- Conference: Independent
- Record: 1–0
- Head coach: Bert Smith (1st season);

= Humboldt State Lumberjacks football, 1924–1929 =

American college football seasons

The Humboldt State Lumberjacks football program's first five seasons of competition were from 1924 to 1929, Humboldt State Normal College—now known as California State Polytechnic University, Humboldt—as an independent.
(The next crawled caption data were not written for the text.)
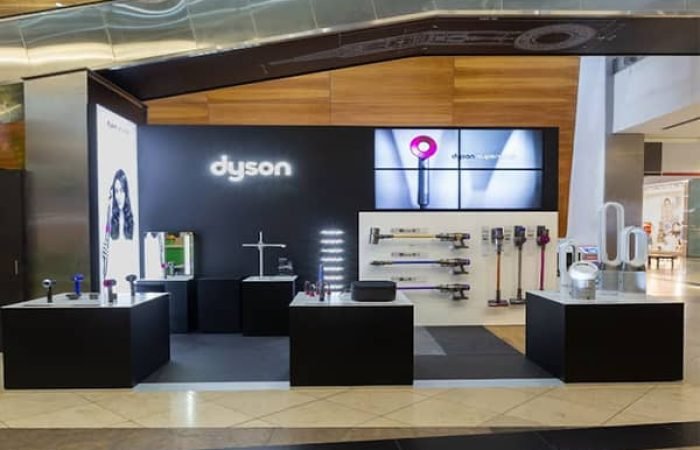 Dyson 1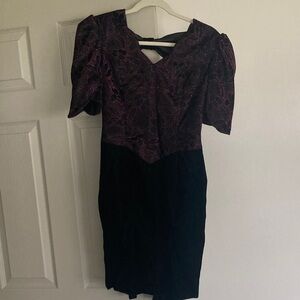 Purple and Black Scalloped V-neck Cocktail Dress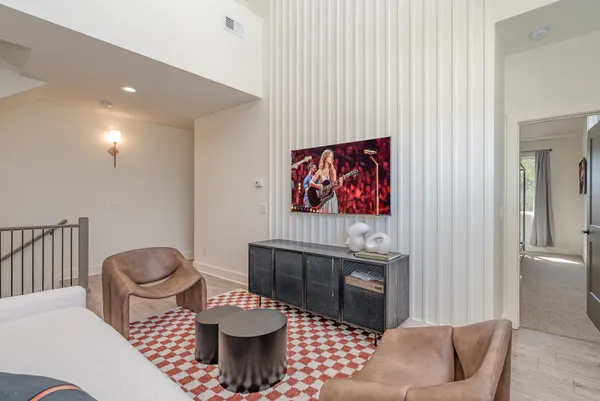 $6,995 | 1009 Summit Avenue, Unit 2, Nashville, TN 37203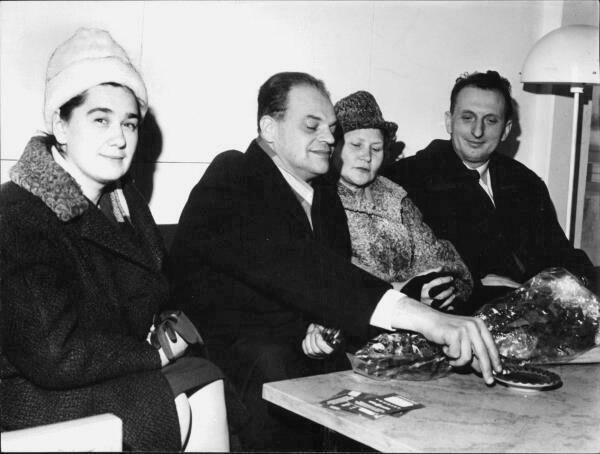 Basov and Prokhorov with wives in Stockholm in 1964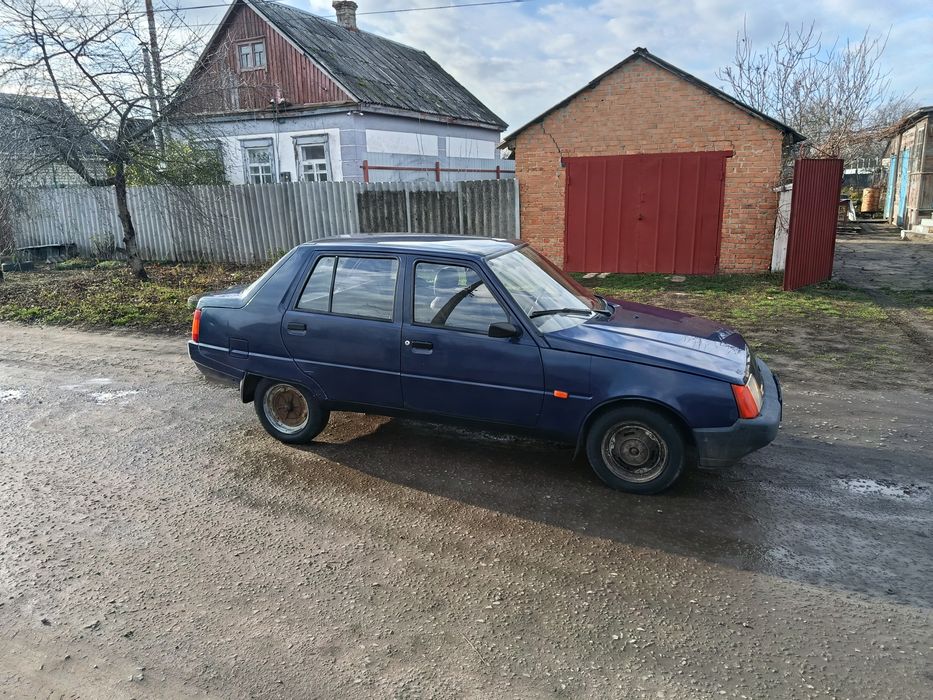 Продам славуту 2010 года выпуска инжектор на полном исправном ходу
Humboldt State did not field a team in 1926.

==1924==

The 1924 Humboldt State Lumberjacks football team represented Humboldt State Normal College—now known as California State Polytechnic University, Humboldt—as an independent during the 1924 college football season. Led by Bert Smith in his first and only season as head coach, the Lumberjacks compiled a record of 1–0. 1924 was the first year of competition for Humboldt State football program.

===Schedule===

| Opponent | Site | Result |
|---|---|---|
| at Arcata High School | Arcata, CA | W 9–0 |

==1925==

The 1925 Humboldt State Lumberjacks football team represented Humboldt State Normal College—now known as California State Polytechnic University, Humboldt—as an independent during the 1925 college football season. Led by Cy Falkenberg in his first and only season as head coach, the Lumberjacks compiled a record of 1–3. 1925 was the second year for the Humboldt State football program. The team only played four games against local high schools.

===Schedule===

| Date | Opponent | Site | Result | Source |
|---|---|---|---|---|
|  | at Arcata High School | Arcata, CA | L 0–7 |  |
| September 18 | vs. Fortuna High School | Arcata, CA | W 7–0 |  |
|  | at Ferndale High School | Ferndale, CA | L 0–7 |  |
| September 30 | vs. Eureka High School | Arcata, CA | L 6–12 |  |

==1927==

The 1927 Humboldt State Lumberjacks football team represented Humboldt State Normal College—now known as California State Polytechnic University, Humboldt—as an independent during the 1927 college football season. Led by first-year head coach Fred Telonicher, the Lumberjacks compiled a record of 1–2. The team played home games in Eureka, California.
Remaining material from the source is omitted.